WHAT THIS TASK INVOLVES: Two lines in the listing below mark the span: one contains "Stussy Men's 34x31" and one contains "1pc Pineapple Print". Reproduce both of them and everything between, exactly.
*** DATA SHOWN Section Begins ***
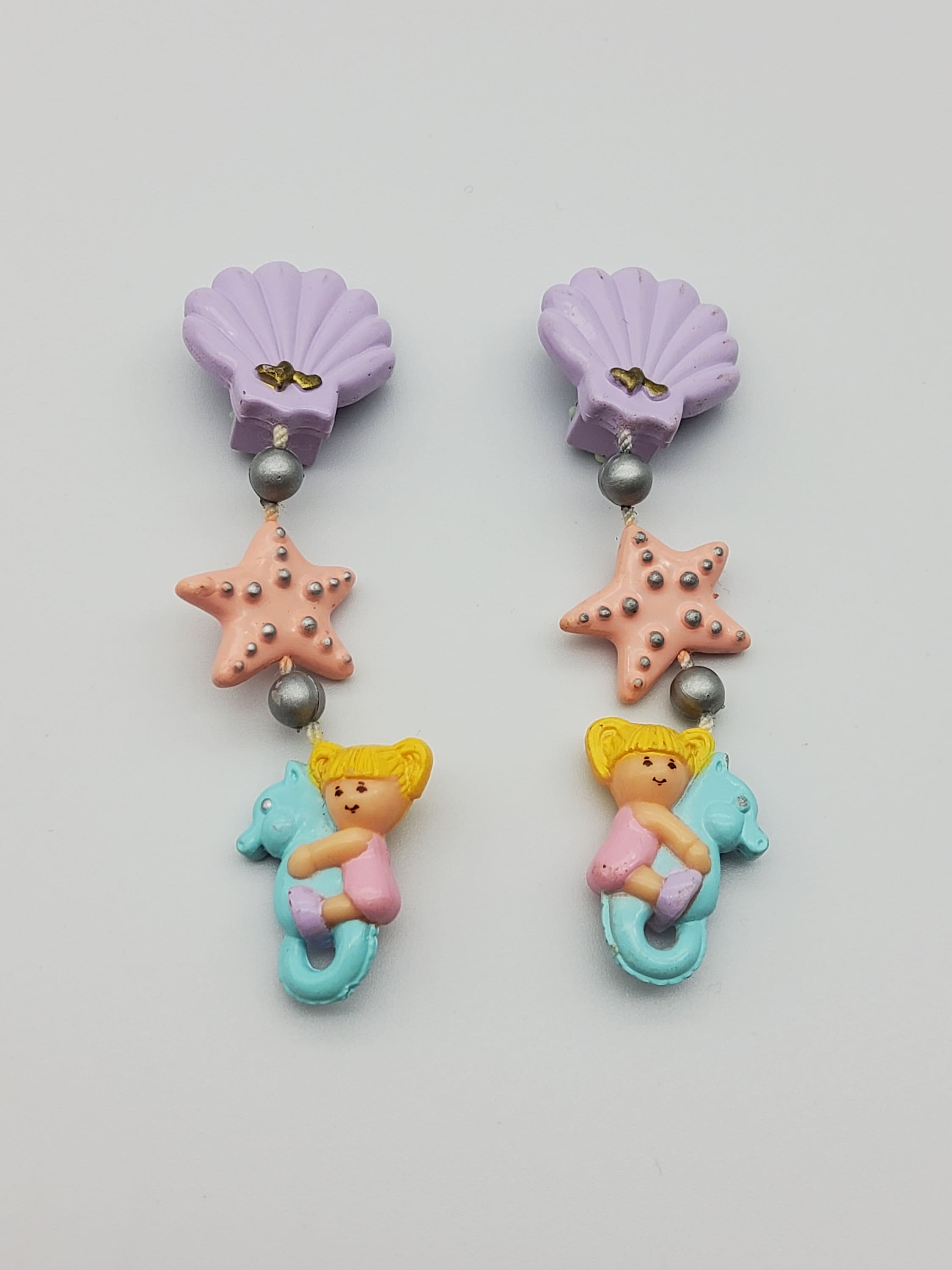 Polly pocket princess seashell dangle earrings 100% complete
*** DATA SHOWN Section Ends ***
*** DATA SHOWN Section Begins ***
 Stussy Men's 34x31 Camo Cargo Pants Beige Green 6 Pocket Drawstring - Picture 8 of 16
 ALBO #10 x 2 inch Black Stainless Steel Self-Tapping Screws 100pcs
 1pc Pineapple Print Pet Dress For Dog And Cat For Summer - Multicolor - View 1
*** DATA SHOWN Section Ends ***
*** DATA SHOWN Section Begins ***
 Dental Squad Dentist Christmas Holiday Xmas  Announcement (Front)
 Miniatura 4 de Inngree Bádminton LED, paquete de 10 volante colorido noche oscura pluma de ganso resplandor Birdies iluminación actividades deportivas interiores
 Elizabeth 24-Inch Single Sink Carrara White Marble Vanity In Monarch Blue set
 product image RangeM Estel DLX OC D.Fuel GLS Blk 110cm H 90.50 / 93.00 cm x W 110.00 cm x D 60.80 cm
*** DATA SHOWN Section Ends ***
REPLY:
 Stussy Men's 34x31 Camo Cargo Pants Beige Green 6 Pocket Drawstring - Picture 8 of 16
 ALBO #10 x 2 inch Black Stainless Steel Self-Tapping Screws 100pcs
 1pc Pineapple Print Pet Dress For Dog And Cat For Summer - Multicolor - View 1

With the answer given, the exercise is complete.